SAX解析器:忽略特殊字符 [英] SAX parser: Ignoring special characters

查看:134
本文介绍了SAX解析器:忽略特殊字符的处理方法,对大家解决问题具有一定的参考价值,需要的朋友们下面随着小编来一起学习吧!

问题描述

我正在使用Xerces来解析我的xml文档。问题是像'& nbsp;'这样的xml转义字符在characters()方法中显示为非转义字符。我需要按原样在characters()方法中获取转义字符。

I'm using Xerces to parse my xml document. The issue is that xml escaped characters like ' ' appear in characters() method as non-escaped ones. I need to get escaped characters inside characters() method as is.

谢谢。

UPD:尝试覆盖我的DefaultHandler后代的resolveEntity方法。从调试中可以看出它被设置为xml阅读器的实体解析器但是没有调用来自重写方法的代码。

UPD: Tried to override resolveEntity method im my DefaultHandler's descendant.
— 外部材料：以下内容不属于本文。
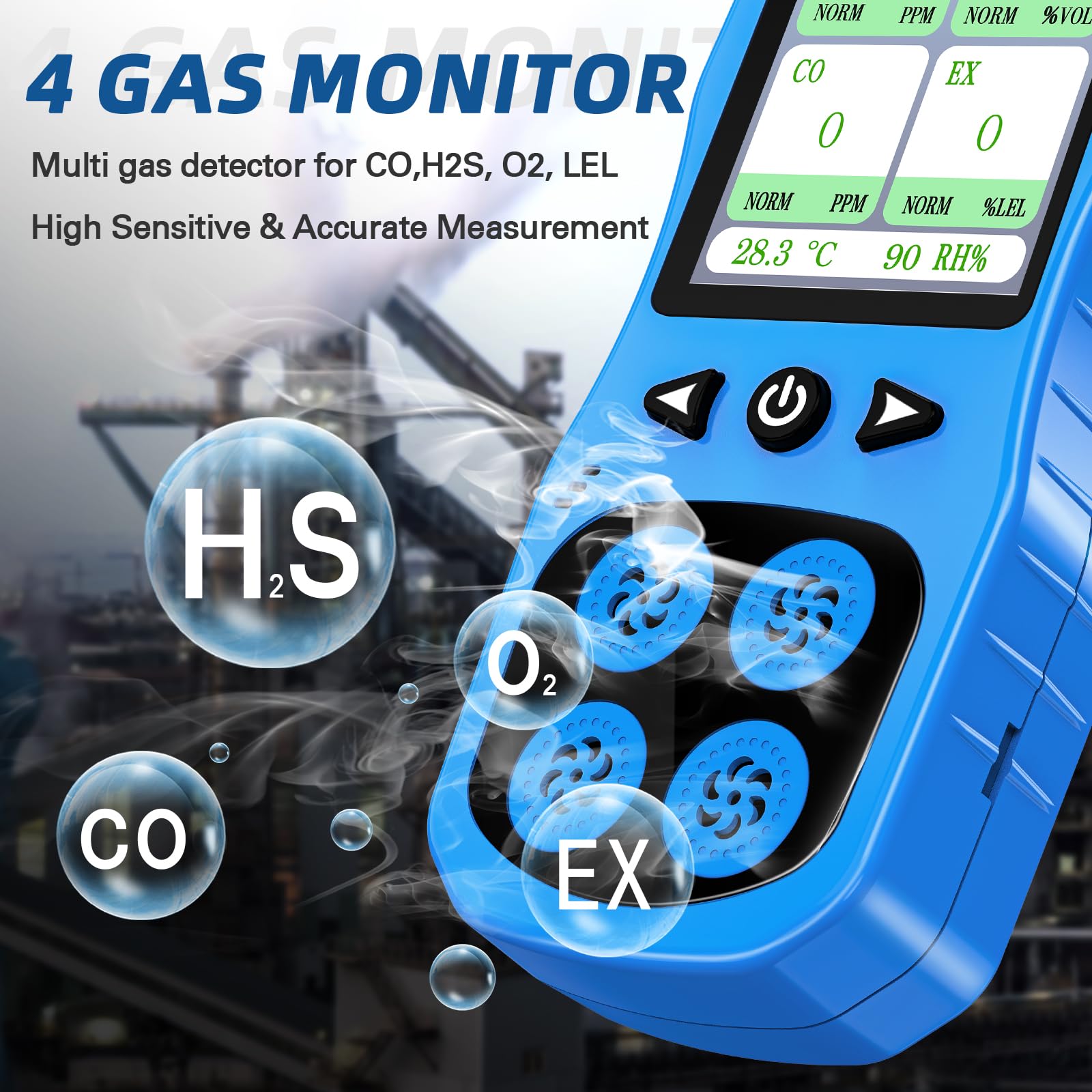 ZYKYCX Portable 4 Gas Monitor Multi Gas Detector for H2S, CO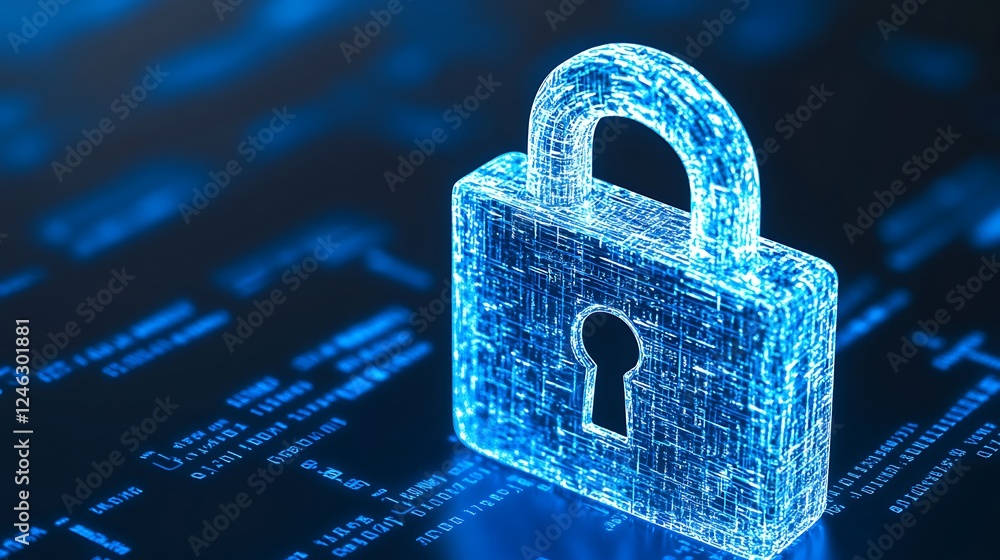 Poster digital lock icon on dark background representing cybersecurity and data protection concepts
Can see from debug that it's set as entity resolver to xml reader but code from overridden method is not invoked.

推荐答案

我认为你的解决方案也不算太糟糕:几行代码可以完全按照您的要求进行操作。
问题是 startHntity endEntity 方法不是由 ContentHandler <提供的/ code> interface,所以你必须写一个 LexicalHandler ,它与你的 ContentHandler 结合使用。
通常,使用 XMLFilter 更优雅,但你必须使用实体,所以你仍然应该写一个 LexicalHandler 。请参阅此处,了解如何使用SAX过滤器。

I think your solution is not too bad: a few lines of code to do exactly what you want. The problem is that startEntity and endEntity methods are not provided by ContentHandler interface, so you have to write a LexicalHandler which works in combination with your ContentHandler. Usually, the use of an XMLFilter is more elegant, but you have to work with entity, so you still should write a LexicalHandler. Take a look here for an introduction to the use of SAX filters.

我想向您展示一种与您非常相似的方式,它允许您将过滤操作分开(包装和放入& amp; 。我基于 XMLFilterImpl 编写了我自己的 XMLFilter ,它还实现了 LexicalHandler 界面。此过滤器仅包含与entites escape / unescape相关的代码。

I'd like to show you a way, very similar to yours, which allows you to separate filtering operations (wrapping & to &amp; for instance) from output operations (or something else). I've written my own XMLFilter based on XMLFilterImpl which also implements LexicalHandler interface. This filter contains only the code related to entites escape/unescape.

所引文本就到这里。